═════ Exercise materials

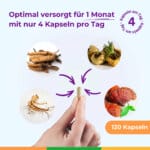 Cordycepsman Kinderwunsch Spermienqualitaet Spermienreifung Vitalpilze Unfruchtbar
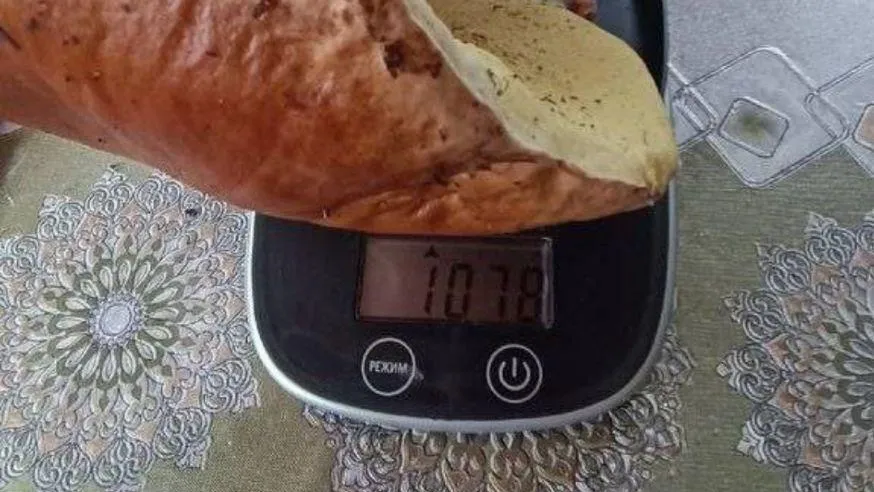 ТГ-канал Zamkadye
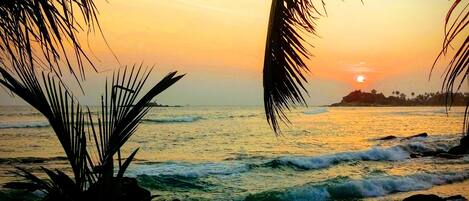 A beach scene with waves, palm trees, and a sunset.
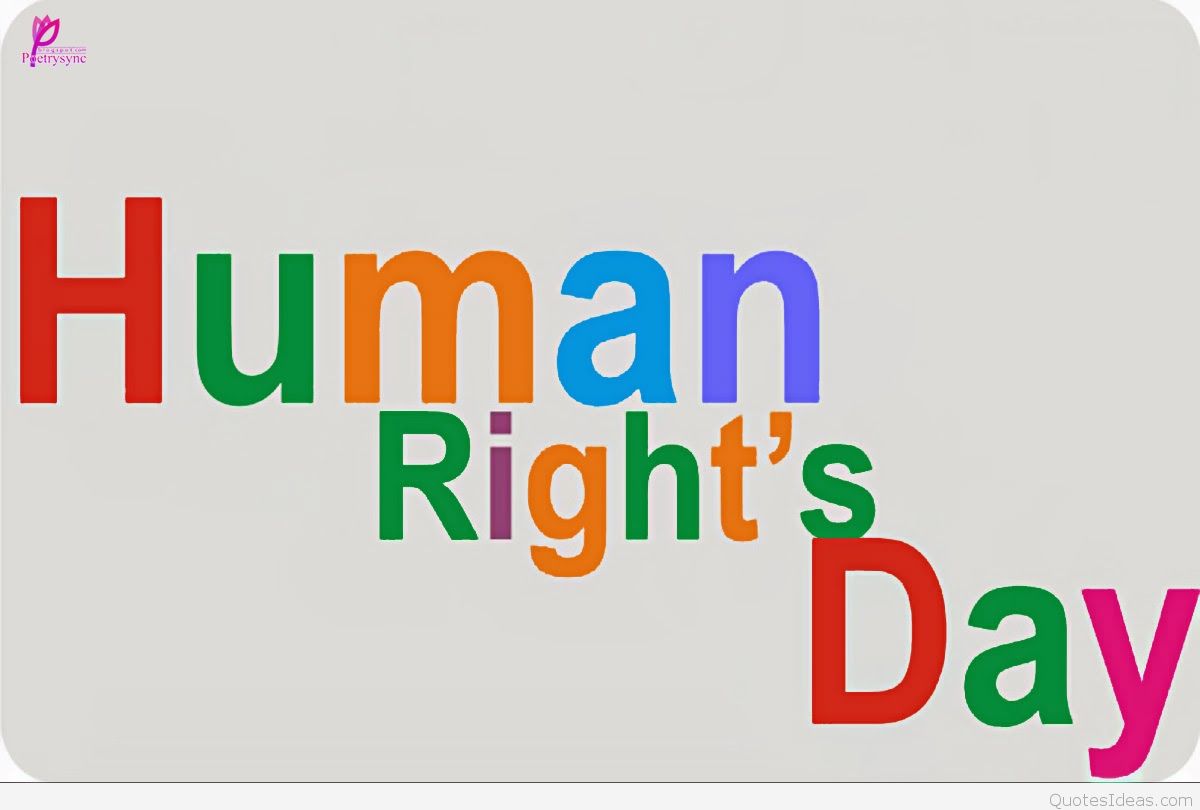 Detail Human Rights Wallpaper Nomer 35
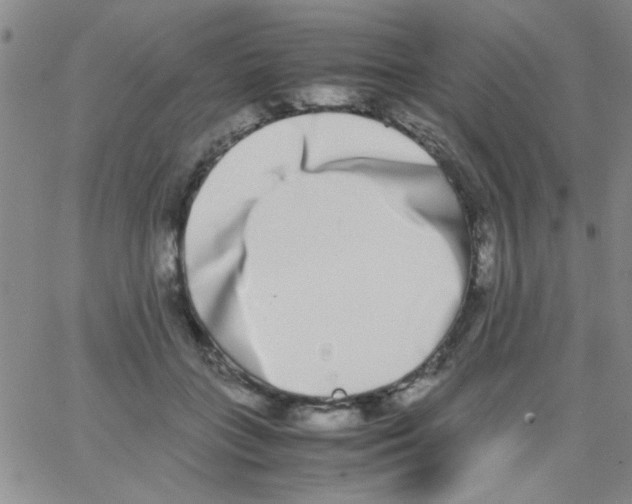X0000062930555200602101925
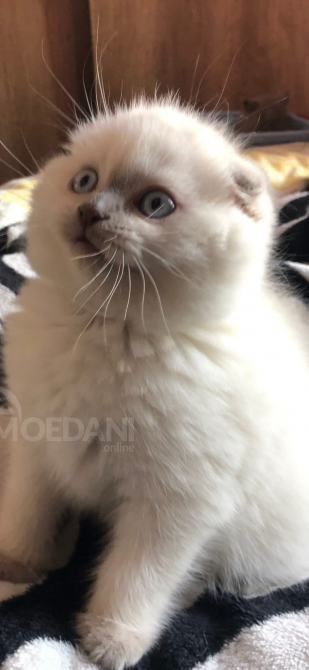 Scottish kittens Tbilisi - photo 4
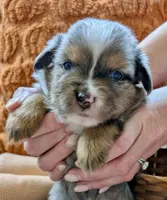 Merle, a male Toy Australian Shepherd for sale in Covington, LA – 5 of 6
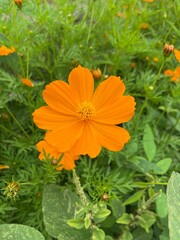 Orange Sulfur Cosmos Flower with selective focus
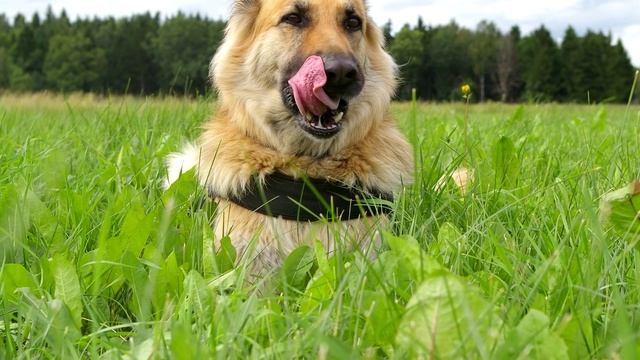 Интересные факты о собаке породы Немецкая овчарка смотреть онлайн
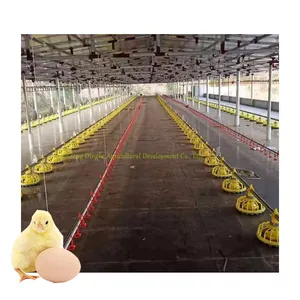 Chicken Feeding Automation Equipment Floor management poultry pan feeder for chicken automatic feeding system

══════════

Exercise goal
Write out exactly the lines that run from the one containing "X0000062930555200602101925" to the last line of the entries above, both ends kept, pictures left out.

Output
X0000062930555200602101925
 Scottish kittens Tbilisi - photo 4
 Merle, a male Toy Australian Shepherd for sale in Covington, LA – 5 of 6
 Orange Sulfur Cosmos Flower with selective focus
 Интересные факты о собаке породы Немецкая овчарка смотреть онлайн
 Chicken Feeding Automation Equipment Floor management poultry pan feeder for chicken automatic feeding system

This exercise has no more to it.